Early into the project, several transcription-related problems were identified. Choosing a naturalized approach could provide detail that might obfuscate the substance of the interview. This could have an impact on the analysis (e.g., the sniffling participant may have been viewed differently due to a concern over illness or affectation). A denaturalized approach could result in white-washed data, which removed the fine-grained socio-cultural features of the data or even information that could improve the outcomes of the study (i.e., HIV disclosure intervention programs). Our team had reached a crossroad. Rather than choosing an approach and forging ahead, an intermediate step was added. We paused to reflect on our transcription methods. Although it delayed the project, this period of reflection was invaluable.

Language usage revealed itself as particularly problematic. This included (a) challenges with participant and interviewer pronunciation, (b) vocalizations and non-verbal communication, and (c) the use of irregular grammar. Each of these will be described, their challenges revealed, and options for remediation debated.

Pronunciation

How words are pronounced and then represented as text is complicated. Difficulties can occur due to participant’s and interviewer’s use of slang, language or diction. These transcription or interpretation errors can arise in different ways, both technological and human. The most obvious source of technological error emerges from hardware or software difficulties. For example, in our work we found numerous errors resulting from inadequate audio-taping hardware. Either the tape became difficult to hear or skipped during the interview1. These difficulties are troublesome but relatively easy to correct.
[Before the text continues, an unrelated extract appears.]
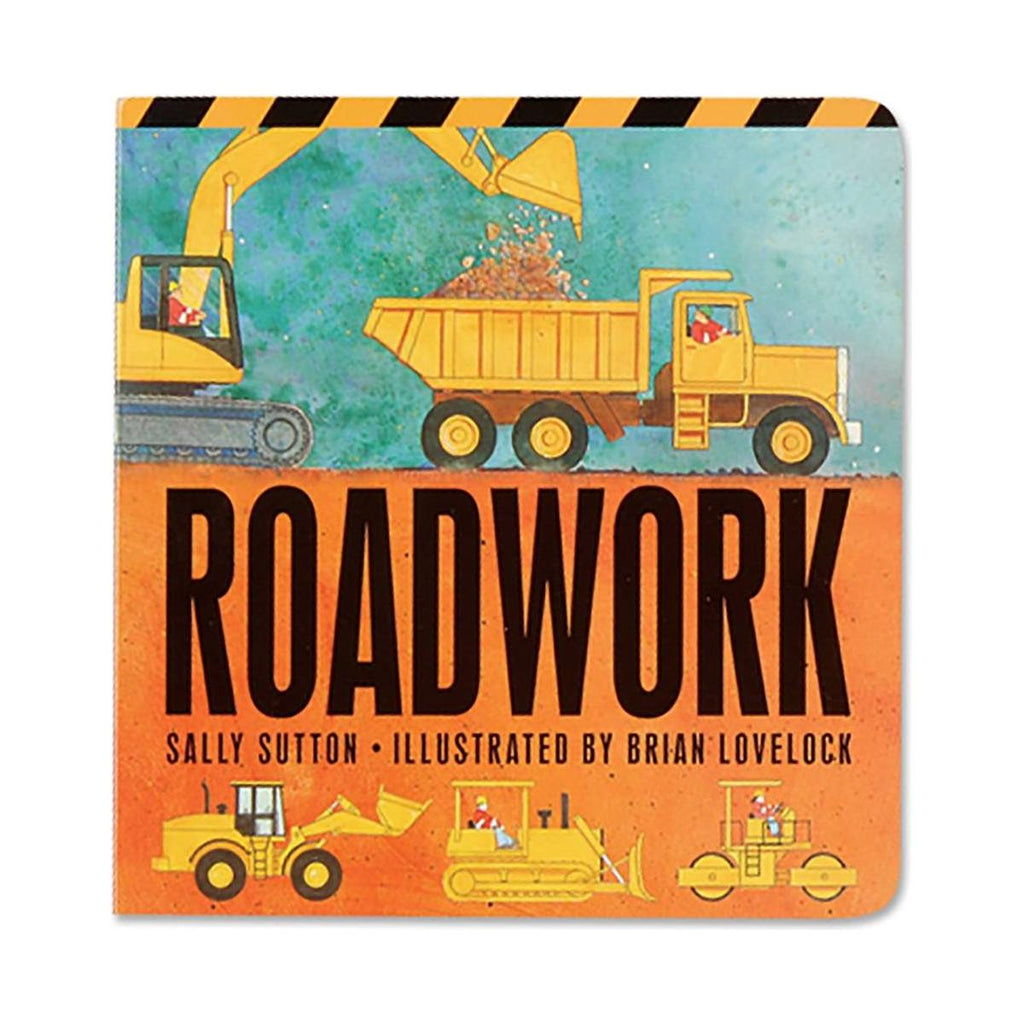 Roadwork Board Book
Most other sources of error are human in nature. These can range from how the transcriber hears, interprets and records what he or she hears. This issue will be incorporated throughout the discussion of pronunciation issues.

Slang

All languages contain slang, lingo, idioms and euphemisms. In our work with HIV-positive MSM, slang tended to be sexual in nature. For example, a common reference to sexual positioning included referring to oneself as a “top” or “bottom,” “pitcher” or “catcher,” rather than the technical terminology of insertive or receptive partner. For the most part, common usages of slang are not problematic. However, more obscure terminology can be troublesome in that it is difficult to comprehend and may be rendered as something other than what was meant. Transcription errors can result from the transcriber’s naiveté regarding the meaning of the slang or intention of the participant for its usage. For example, when a participant said that his repertoire of sexual behaviors included “tossin’ the salad,” the transcriber was perplexed. Further along in the taped discussion, however, the interviewer probed about this term and learned this was slang used in prisons for oral-anal contact. While not intrinsically difficult to record, the meanings of such terminology frequently elude both the researcher and the transcriber. In these cases, the interviewer can request further description from the participant to ensure complete understanding and, therefore, proper transcription. In another interview, a participant used more personalized slang, referring to his anus as his “anie.” In this case, it was clear what the participant was referring to; however it does underscore that clarification is sometimes necessary.

Geo-ethnic Accent

There are three language issues that can arise when transcribing. These include navigating accents, English as a second language and Ebonics. Geo-ethnic accents can create misunderstanding and confusion in actual conversations, let alone in transcribing interviews. For example, Southern American and New England accents could require considerable effort to transcribe for those not indigenous to that region. Typically, the transcriber is left to decide whether to record the words exactly as they are pronounced or to ”translate” what the participant says into standard (i.e., majority) American English (SAE). For example, a participant of Asian descent pronounced his Vs with a hard B sound (e.g., “however” became “howeber” and “river” became “riber”). Typically in these situations there are cultural or ethnic differences between the participant and transcriber. That is, a transcriber hears the interview through his/her own cultural-linguistic filters. The interviewer and the transcriber are often aware of participant intentions. However, this affords the transcriber significant interpretive and representational power that could affect analysis and results.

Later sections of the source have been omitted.